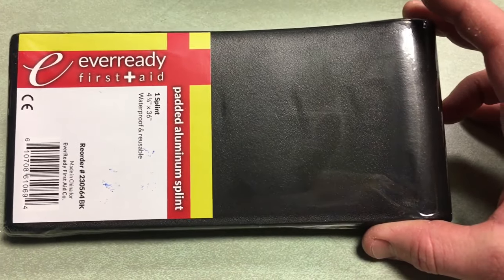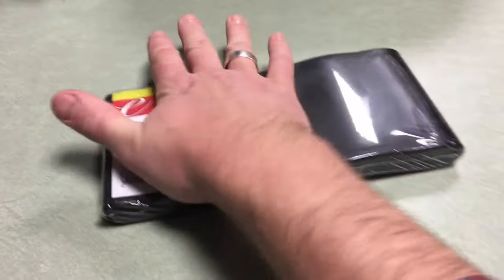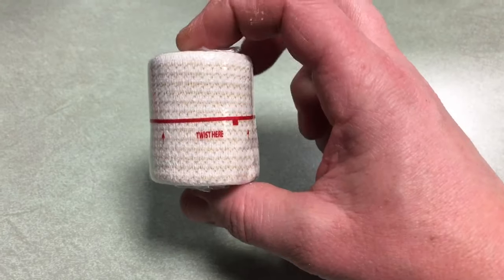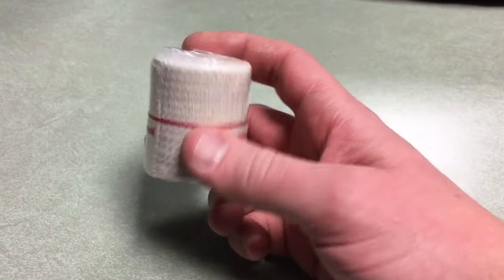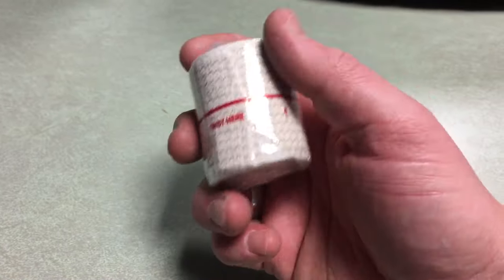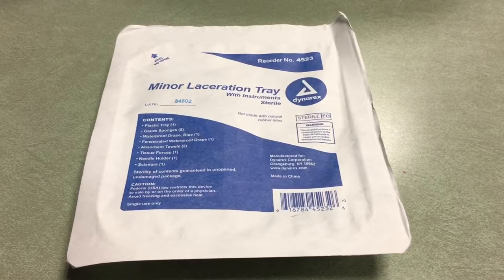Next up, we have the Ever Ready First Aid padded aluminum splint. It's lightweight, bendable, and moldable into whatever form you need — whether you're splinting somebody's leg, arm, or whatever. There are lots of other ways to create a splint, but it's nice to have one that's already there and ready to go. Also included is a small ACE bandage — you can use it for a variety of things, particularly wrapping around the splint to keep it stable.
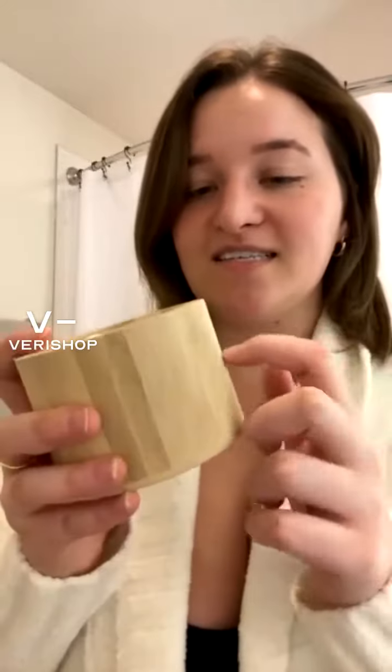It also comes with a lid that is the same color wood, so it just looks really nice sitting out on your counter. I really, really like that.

==============================

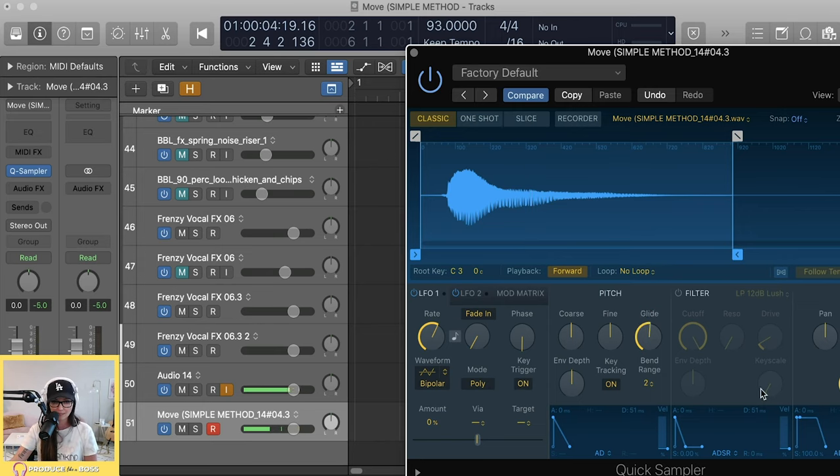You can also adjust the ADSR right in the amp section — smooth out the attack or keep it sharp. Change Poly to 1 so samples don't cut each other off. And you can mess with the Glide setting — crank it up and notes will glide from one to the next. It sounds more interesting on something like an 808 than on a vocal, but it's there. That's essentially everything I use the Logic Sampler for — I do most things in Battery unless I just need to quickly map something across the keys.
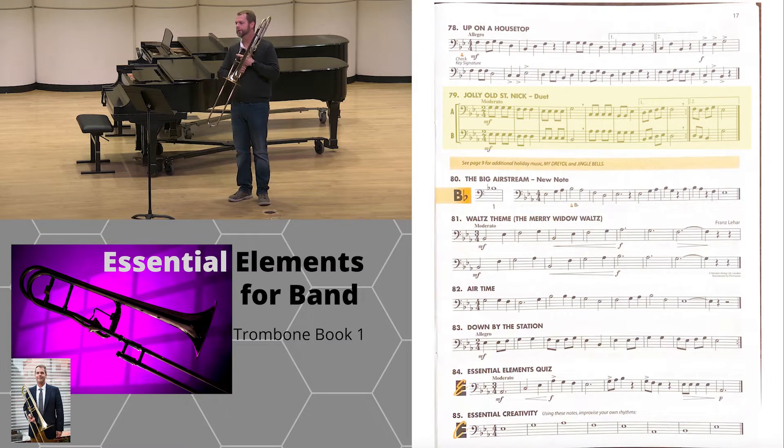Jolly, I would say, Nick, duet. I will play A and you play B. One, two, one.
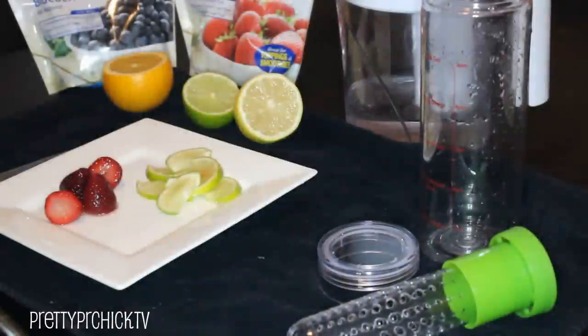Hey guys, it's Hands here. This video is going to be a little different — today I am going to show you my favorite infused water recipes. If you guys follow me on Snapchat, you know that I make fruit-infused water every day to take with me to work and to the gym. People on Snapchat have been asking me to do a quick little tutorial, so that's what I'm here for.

==============================

Task item:
Within the listing above, the stretch from the line with "Next up, we" down to the line with "It also comes" is to be given again exactly, end lines included and pictures excluded.

Response to the task:
Next up, we have the Ever Ready First Aid padded aluminum splint. It's lightweight, bendable, and moldable into whatever form you need — whether you're splinting somebody's leg, arm, or whatever. There are lots of other ways to create a splint, but it's nice to have one that's already there and ready to go. Also included is a small ACE bandage — you can use it for a variety of things, particularly wrapping around the splint to keep it stable.
It also comes with a lid that is the same color wood, so it just looks really nice sitting out on your counter. I really, really like that.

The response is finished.